I hope you will not forget that the education you received here is a powerful foundation for “saying something” significant about your communities, states, and the country as a whole.
This assumes, of course, your desire to participate in our democracy. What does participation mean? It means voting, of course. And voting obliges all of us to pay close attention to what’s going on around us—to what our legislators and leaders are doing in our name, and to what’s happening in distant parts of the world.
But participation also means finding ways to engage directly in our shared institutions and political processes. I hope that many of you will decide to serve on the PTA at your children’s schools or to run for the school board. I hope some of you will be inclined to serve in municipal, state or the federal government. When you have concerns about public issues, I hope you will petition your local officials regarding the things you care about. I hope that you will work to end poverty in your communities and to ensure that all children have access to food, schools, and healthcare. I hope you will contribute to the life of your cities, just as the founders and leaders of this college have.

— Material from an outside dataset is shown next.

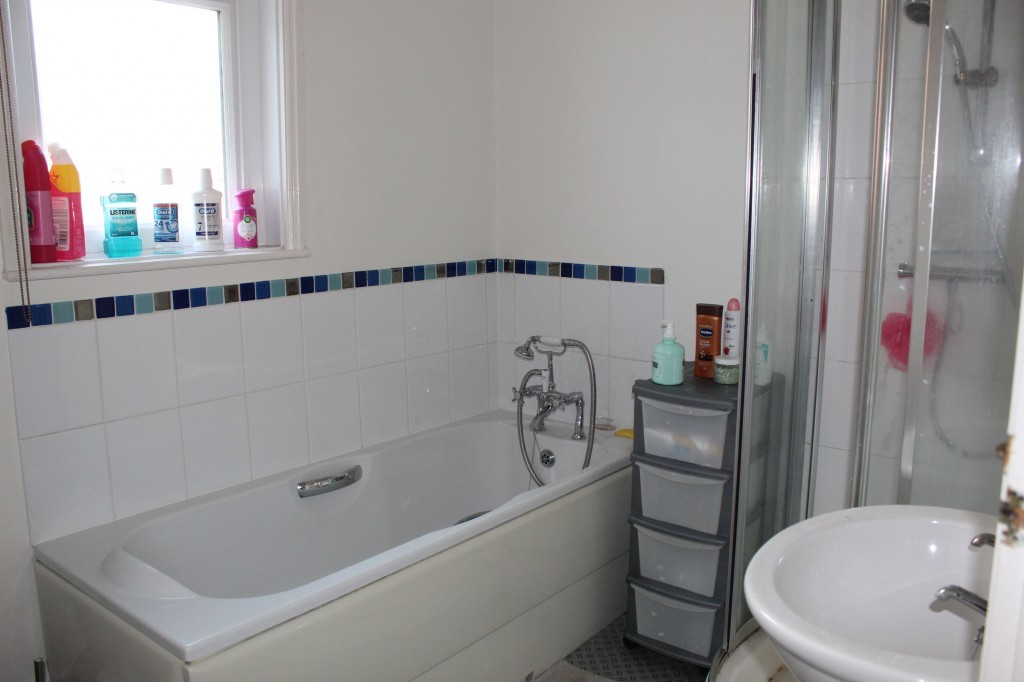 Images for Magdalen Road, Exeter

And I hope that you will never, ever underestimate your potential impact as citizens. Nation-changing legal cases that made it all the way to the U.S. Supreme Court were the result of ordinary citizens fighting for free speech, for the right to marry, for the right to legal counsel, for the right to practice religion—or not. It was ordinary citizens who marched from Selma to Montgomery, Alabama, and who, in doing so, changed this country forever.
Every great change in our history—the end of slavery, women getting the right to vote, fair labor practices, desegregation, laws protecting the environment—came about because there were people courageous enough to speak up. What William Lloyd Garrison, Susan B. Anthony, Cesar Chavez, Martin Luther King, Jr., and Rachel Carson had in common was the determination and ability to move people with the power of their words and their examples. Their causes would have gone nowhere without people brave enough to say “yes” to their calls for engagement.
Engagement is not always easy. Like Anna Deavere Smith, it will require you to really listen to people with whom you might disagree, and to understand lives you’ve never considered before.
But listening, observing and understanding are all at the heart of what you’ve been practicing here at Miami Dade. That’s why I’m so optimistic about your class and the good things that you will do in your careers and in your communities. You’ve worked hard, you’ve learned, and you’re ready. And I know that you’ll do well. As you leave this important place and time in your lives, I wish you the very best in what comes next, and I thank you again for inviting me to share in this important moment in your lives.
¡Que les vaya bien, y gracias!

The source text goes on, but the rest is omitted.